(Data excerpt)
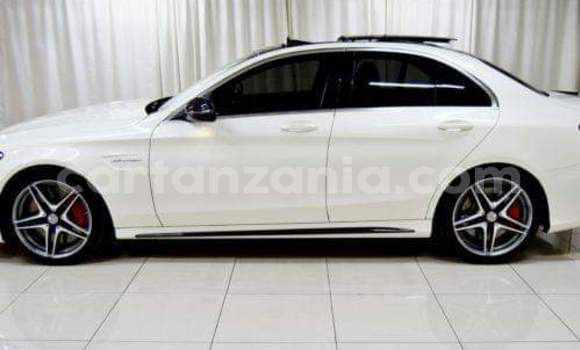 Nunua Ilio tumika Mercedes‒Benz C-klasse AMG Nyeupe Gari ndani ya Dar es Salaam nchini Dar es Salaam Nunua Ilio tumika Mercedes‒Benz C-klasse AMG Nyeupe Gari ndani ya Dar es Salaam nchini Dar es Salaam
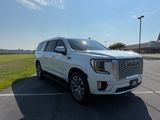 Used 2021 GMC Yukon XL Denali image 3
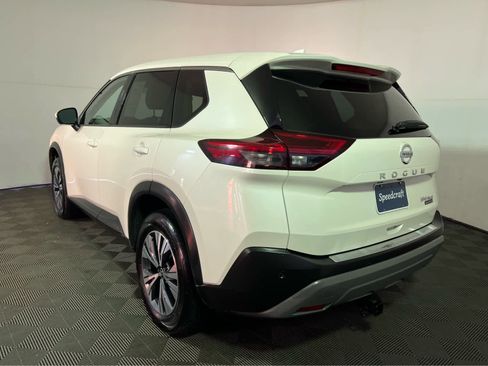 Used 2021 Nissan Rogue SV image 5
(End Data excerpt)
• Problem: What you return must match the data above exactly, with no images included.

• Finished exercise:
 Nunua Ilio tumika Mercedes‒Benz C-klasse AMG Nyeupe Gari ndani ya Dar es Salaam nchini Dar es Salaam Nunua Ilio tumika Mercedes‒Benz C-klasse AMG Nyeupe Gari ndani ya Dar es Salaam nchini Dar es Salaam
 Used 2021 GMC Yukon XL Denali image 3
 Used 2021 Nissan Rogue SV image 5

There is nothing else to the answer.